All-Time Granny Rule Ireland XI
Sky Sports caused much controversy this week with their graphic displaying the breakdown of birthplaces of the current Irish squad – with almost half born outside Ireland.
It’s hardly a new phenomenon with Jack Charlton’s successful sides boasting a host of players born in the UK, and indeed stretches back to the 1960s. Here’s an all-time XI of Irish players born outside the country.
While Alan Kelly Snr, who won 47 Irish caps, was born in Bray he spent most of his career with Preston North End. It was here than Alan Jnr was born, but despite this he was always going to play for the country his father represented. Alan Snr’s other son Gary was also born in England but played for Ireland at underage level.
Brennan became the first second generation Irishman to represent Ireland in the mid 1960s. Born in Manchester to Irish parents, he made over 350 appearances for Manchester United, making his debut in the first game after the Munich air disaster, and was part of United’s European Cup winning team in 1968.
An archetypal Yorkshireman, the former Ireland manager qualified for the country through his Irish father Charles and has said he was “well aware of my Irishness” growing up. He was late to international football, earning his first call-up at 25, but went on to win 57 caps.
The BBC pundit may provoke ire these days when referring to the England side as “we”, but he was an important part of Ireland’s sides in the late 70s and 80s. It was the aforementioned Alan Kelly Snr, a coach at Preston, who became aware of Lawrenson’s eligibility for the Republic through his Waterford-born grandfather. He went on to win 39 caps for his adopted country.
The London-born left-back became the first mixed-race player to win a cap for Ireland in 1979. His mother Christine hailed from Limerick and was delighted when he chose to represent her country of birth rather than England or his father’s Ghana. He made 53 appearances for the country and was later assistant manager during Brian Kerr’s reign.

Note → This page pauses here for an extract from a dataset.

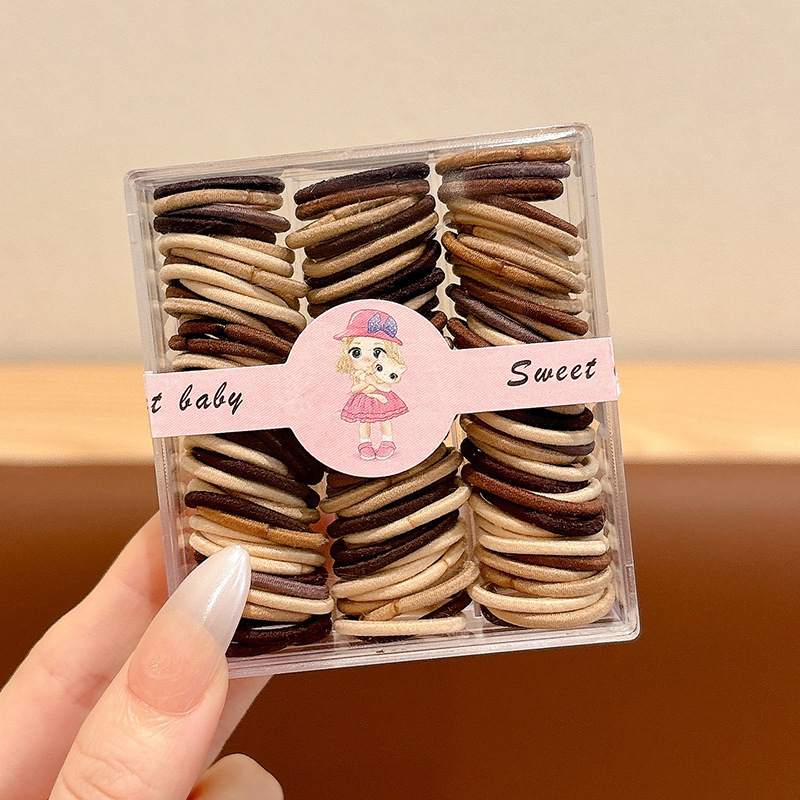 Brown glossy model 90 pieces ~ about 2cm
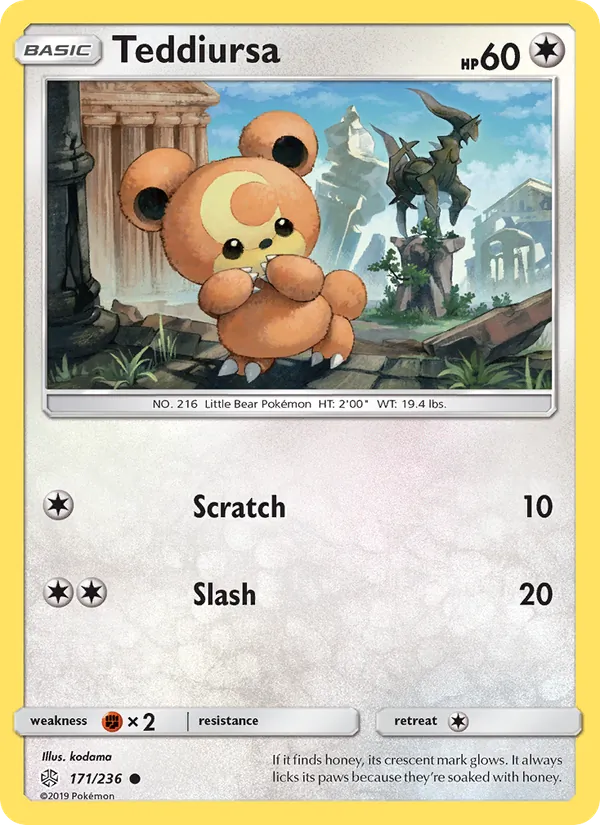 Teddiursa, Cosmic Eclipse Nº 171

Trigger merits inclusion if only for his crucial 2001 winner against Holland that basically earned qualification for the following year’s World Cup (give or take a play-off with Iran). Born in Tranmere, McAteer has admitted supporting England growing up but jumped at the chance of an international call-up from Jack Charlton through the controversial “granny rule”.
Possibly the most important of Ireland’s footballing exports, the Scottish-born midfielder will always be remembered for his stunning winners against England and Italy. He qualified for Ireland through his Donegal-born father and plumped for Jack Charlton’s team after being snubbed at underage level by the country of his birth.
There’s been an abundance of top-class midfielders born in the UK to represent Ireland, but Kevin Sheedy shades it over the likes of Andy Townsend and James McCarthy for his crucial Italia 90 equaliser against England. The Everton coach was born in Wales but was eligible through his County Clare-born father.
Despite an unspectacular career, Killer won 110 caps for his adopted country and earned cult status amongst fans. Although he was born in Preston, he turned down advances by England’s under-18 team as he always wanted to represent Ireland. Both of his parents hailed from Carlow and Kilbane allegedly once turned up to an English underage camp wearing an Irish shirt.
As Scouse as they come, Alridge emerged at a time when England could boast the striking talents of Gary Lineker, and he was quick to accept an Irish call-up from Big Jack. He qualified through his maternal great-grandmother and went on to score 19 goals in 69 appearances.
This week’s guest on Boylesports’ Betzone claimed in his autobiography that he never qualified for Ireland as his mother told him during his career that she was adopted. However, the FAI were quick to dispute this and assured that he was always eligible to play. Either way, he scored 19 goals in 88 appearances and was, for a time, Ireland’s record caps holder.